### ACTION ITEM
Below are the records; give again exactly the lines from the one containing "Ivory And Tan" through the one containing "Colorblock gingham midi", leaving out pictures.

### THE DATA
__________

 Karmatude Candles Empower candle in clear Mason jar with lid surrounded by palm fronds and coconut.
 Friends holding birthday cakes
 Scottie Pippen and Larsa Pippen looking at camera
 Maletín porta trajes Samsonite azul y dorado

__________

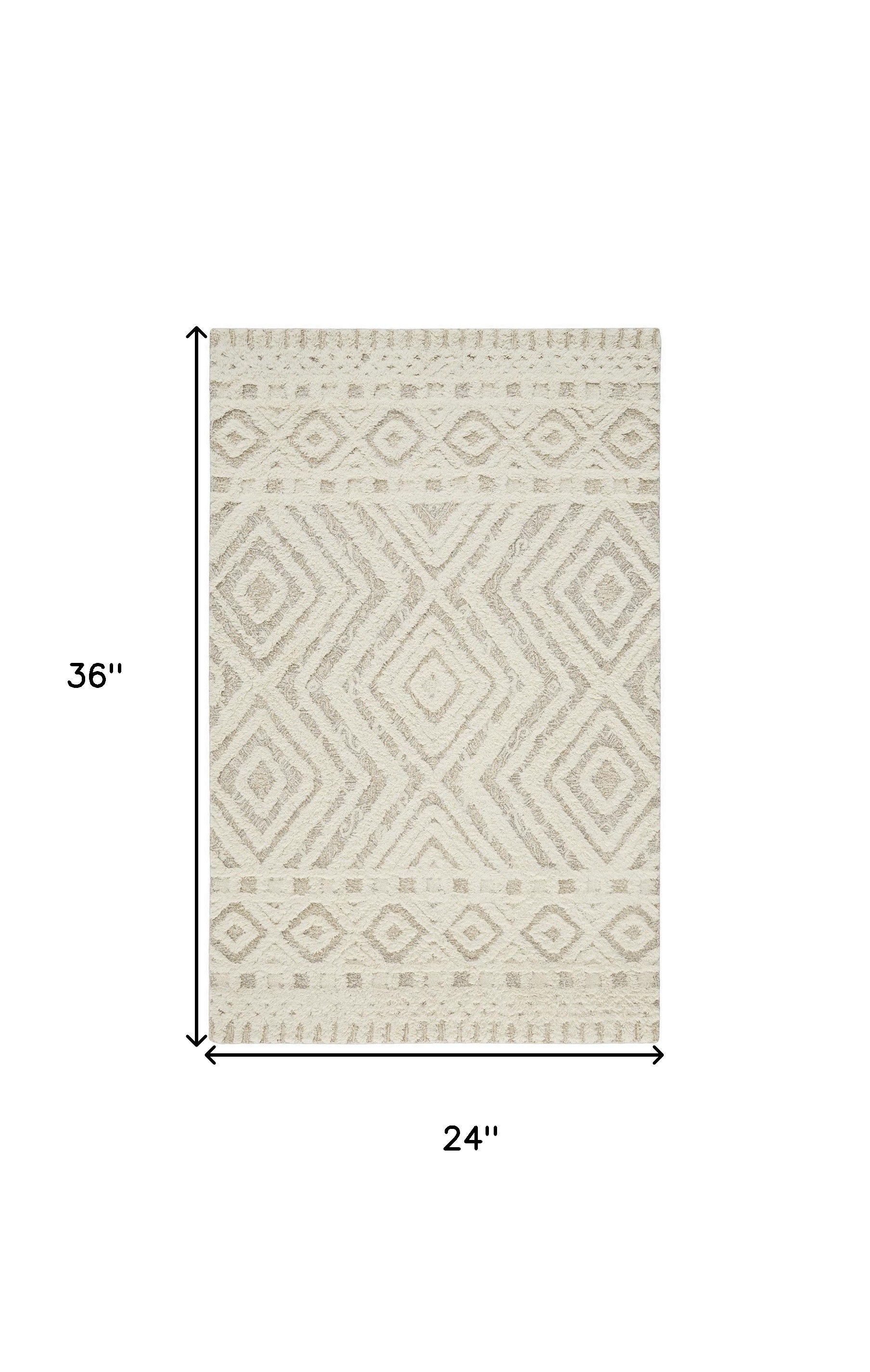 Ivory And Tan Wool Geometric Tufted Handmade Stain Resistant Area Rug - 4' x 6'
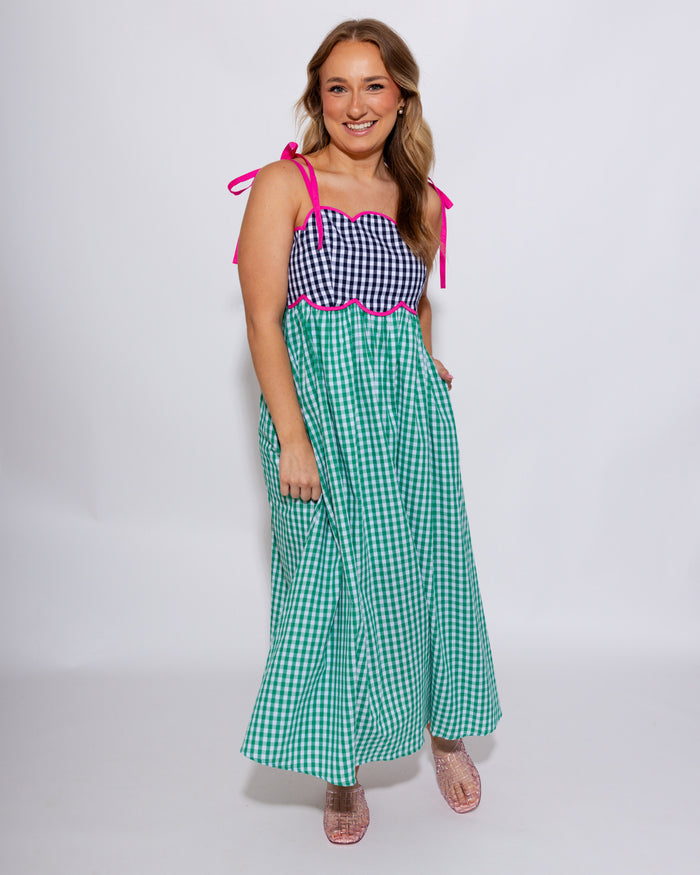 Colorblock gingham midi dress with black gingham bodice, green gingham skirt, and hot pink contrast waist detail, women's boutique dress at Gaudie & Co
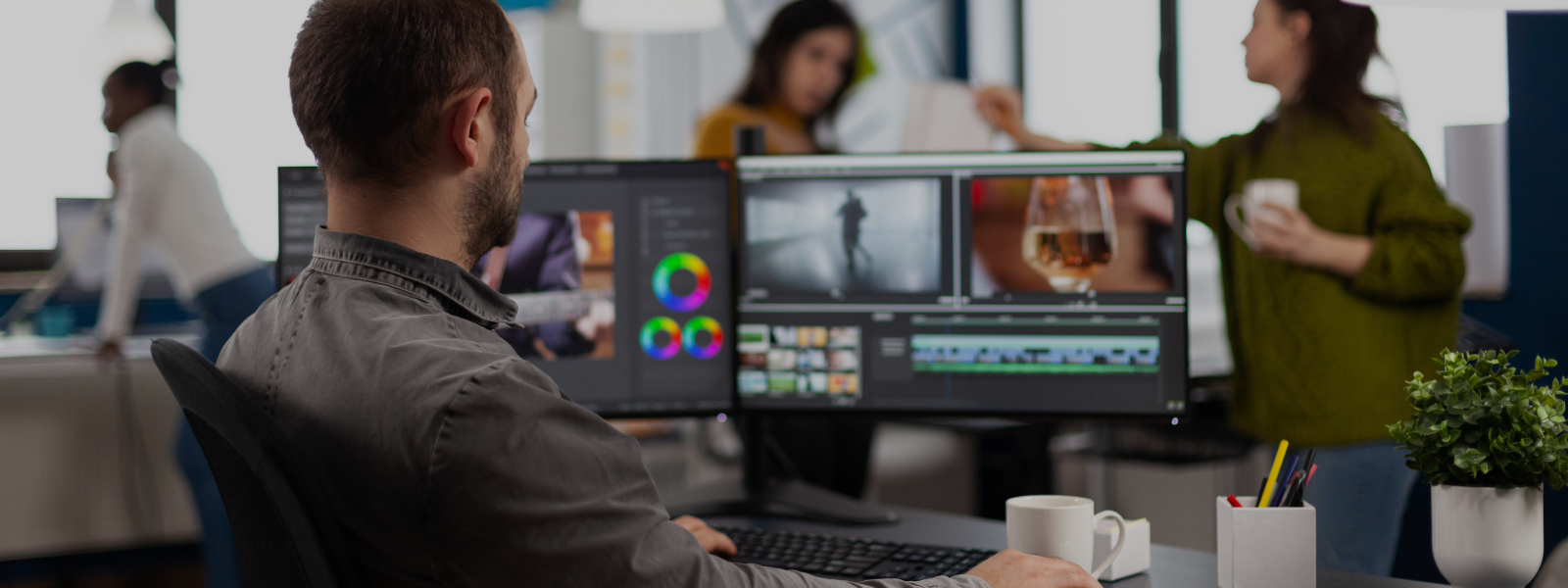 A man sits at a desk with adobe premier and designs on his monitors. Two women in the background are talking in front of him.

__________

### SOLUTION BELOW
 Ivory And Tan Wool Geometric Tufted Handmade Stain Resistant Area Rug - 4' x 6'
 Colorblock gingham midi dress with black gingham bodice, green gingham skirt, and hot pink contrast waist detail, women's boutique dress at Gaudie & Co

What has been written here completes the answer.